We are maintaining our Neutral recommendation on Washington Federal Inc. (WAFD) as we believe that the risk-reward profile for the company is currently balanced. Our decision is based on the company’s better-than-expected second quarter 2012 results. However, we remain wary of its considerable exposure to perilous real estate markets.
Washington Federal reported fiscal third quarter (ended June 30) earnings of 33 cents per share, beating the Zacks Consensus Estimate. Higher net unrealized gains along with persistently declining credit costs contributed to the improved results. However, higher operating expenses and a reduction in net interest income were the headwinds. On the whole, continuous enhancement in asset quality and improved capital ratios were impressive.
As Washington Federal primarily generates revenue from public deposits, which it then disburses in the form of loans of various types, growth of loans and deposits, indicate a strong business trend. Though loans and deposits have been down in the recent quarters, primarily due to the prepayment of high-cost borrowings and sluggish demand, Washington Federal has had a long-term upward trend in terms of loan and deposit growth. The company generated net loans of $7.9 billion at the end of fiscal year 2011 (up from $6.0 billion in 2006), representing 59.0% of its total assets.

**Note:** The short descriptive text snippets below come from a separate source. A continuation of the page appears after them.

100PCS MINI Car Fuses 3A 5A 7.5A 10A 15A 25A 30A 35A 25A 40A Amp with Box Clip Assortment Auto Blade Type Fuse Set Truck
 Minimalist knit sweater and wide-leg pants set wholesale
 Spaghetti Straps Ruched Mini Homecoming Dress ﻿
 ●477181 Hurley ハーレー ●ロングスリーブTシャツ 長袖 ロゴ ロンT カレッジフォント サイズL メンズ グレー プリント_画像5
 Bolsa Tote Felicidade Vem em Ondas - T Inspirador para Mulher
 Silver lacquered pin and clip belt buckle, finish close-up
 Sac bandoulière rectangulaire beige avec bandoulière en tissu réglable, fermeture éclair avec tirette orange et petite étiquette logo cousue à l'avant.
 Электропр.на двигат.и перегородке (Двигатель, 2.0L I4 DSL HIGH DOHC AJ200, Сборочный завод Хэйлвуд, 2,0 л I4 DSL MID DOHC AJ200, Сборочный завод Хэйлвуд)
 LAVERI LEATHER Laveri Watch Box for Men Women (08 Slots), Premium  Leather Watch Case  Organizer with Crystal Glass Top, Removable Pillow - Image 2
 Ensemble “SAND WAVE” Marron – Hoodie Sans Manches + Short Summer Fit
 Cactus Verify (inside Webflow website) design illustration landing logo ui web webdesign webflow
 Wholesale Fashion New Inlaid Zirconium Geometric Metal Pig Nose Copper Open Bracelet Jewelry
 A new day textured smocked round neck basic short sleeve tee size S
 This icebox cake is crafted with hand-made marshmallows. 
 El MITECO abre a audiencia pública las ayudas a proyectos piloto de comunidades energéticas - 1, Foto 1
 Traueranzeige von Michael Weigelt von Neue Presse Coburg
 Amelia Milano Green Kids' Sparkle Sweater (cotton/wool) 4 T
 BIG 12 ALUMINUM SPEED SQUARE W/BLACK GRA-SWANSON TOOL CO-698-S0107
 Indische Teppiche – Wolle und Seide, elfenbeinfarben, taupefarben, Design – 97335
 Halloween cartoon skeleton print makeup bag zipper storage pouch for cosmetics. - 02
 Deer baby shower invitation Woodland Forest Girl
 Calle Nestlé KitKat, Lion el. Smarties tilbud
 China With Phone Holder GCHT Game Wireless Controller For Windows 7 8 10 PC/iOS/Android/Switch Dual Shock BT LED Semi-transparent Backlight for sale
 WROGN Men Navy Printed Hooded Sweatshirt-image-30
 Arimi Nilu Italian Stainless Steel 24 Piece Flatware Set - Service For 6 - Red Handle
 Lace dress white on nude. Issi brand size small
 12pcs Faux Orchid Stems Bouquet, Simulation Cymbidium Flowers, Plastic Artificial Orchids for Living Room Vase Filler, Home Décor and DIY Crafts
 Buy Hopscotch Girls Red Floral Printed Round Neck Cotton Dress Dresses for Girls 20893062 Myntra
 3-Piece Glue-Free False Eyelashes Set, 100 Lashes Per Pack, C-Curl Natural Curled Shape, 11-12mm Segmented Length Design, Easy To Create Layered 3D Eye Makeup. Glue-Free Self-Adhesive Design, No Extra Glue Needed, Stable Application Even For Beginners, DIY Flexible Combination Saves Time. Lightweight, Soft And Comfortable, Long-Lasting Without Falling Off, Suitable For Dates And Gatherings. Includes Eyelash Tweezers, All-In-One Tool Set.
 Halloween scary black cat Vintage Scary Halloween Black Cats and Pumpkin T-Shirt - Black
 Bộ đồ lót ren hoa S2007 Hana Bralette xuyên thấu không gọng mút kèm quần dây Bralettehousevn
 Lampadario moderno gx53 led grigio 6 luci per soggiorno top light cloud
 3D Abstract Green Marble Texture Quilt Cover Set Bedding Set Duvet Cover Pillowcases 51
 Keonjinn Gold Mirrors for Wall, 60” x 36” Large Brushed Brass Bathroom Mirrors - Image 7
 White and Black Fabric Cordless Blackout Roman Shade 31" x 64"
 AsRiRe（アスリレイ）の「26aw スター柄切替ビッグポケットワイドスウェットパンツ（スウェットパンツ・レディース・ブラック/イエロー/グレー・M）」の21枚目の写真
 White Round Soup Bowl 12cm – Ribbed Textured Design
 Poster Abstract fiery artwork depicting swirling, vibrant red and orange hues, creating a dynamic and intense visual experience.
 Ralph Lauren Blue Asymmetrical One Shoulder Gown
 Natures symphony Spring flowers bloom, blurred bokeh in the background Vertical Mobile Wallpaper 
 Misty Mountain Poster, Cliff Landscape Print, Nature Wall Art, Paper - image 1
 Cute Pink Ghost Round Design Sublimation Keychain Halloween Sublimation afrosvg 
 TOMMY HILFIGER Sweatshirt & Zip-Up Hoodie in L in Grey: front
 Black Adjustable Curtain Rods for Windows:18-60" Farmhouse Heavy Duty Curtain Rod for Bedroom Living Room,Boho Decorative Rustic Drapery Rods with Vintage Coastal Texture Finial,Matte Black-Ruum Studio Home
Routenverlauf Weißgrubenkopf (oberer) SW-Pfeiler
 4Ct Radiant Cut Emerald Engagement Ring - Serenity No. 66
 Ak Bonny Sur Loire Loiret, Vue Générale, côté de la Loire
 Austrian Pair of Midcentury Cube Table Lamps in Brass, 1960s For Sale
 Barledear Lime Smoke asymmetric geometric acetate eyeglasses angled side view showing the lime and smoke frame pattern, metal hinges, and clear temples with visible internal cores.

Further, Washington Federal's credit quality continues to improve with the contraction of nonperforming assets and net charge-offs and falling credit costs. In addition, in response to stabilizing credit conditions, the company has been reducing its provision for loan losses in recent quarters. We anticipate the credit quality to continue improving in the subsequent quarters with the gradual recovery of the housing sector.
Washington Federal remains an attractive pick for yield-seeking investors due to its extensive capital deployment activities. In December 2011, Washington Federal increased its quarterly cash dividend by 33% to 8 cents and has maintained the same level since. Also, the company continues to buy back shares.
In June 2011, Washington Federal announced an authorization to repurchase 10 million shares. This is an extension of its previous authorization of about 22 million shares, which was announced in 1995 with no expiration date.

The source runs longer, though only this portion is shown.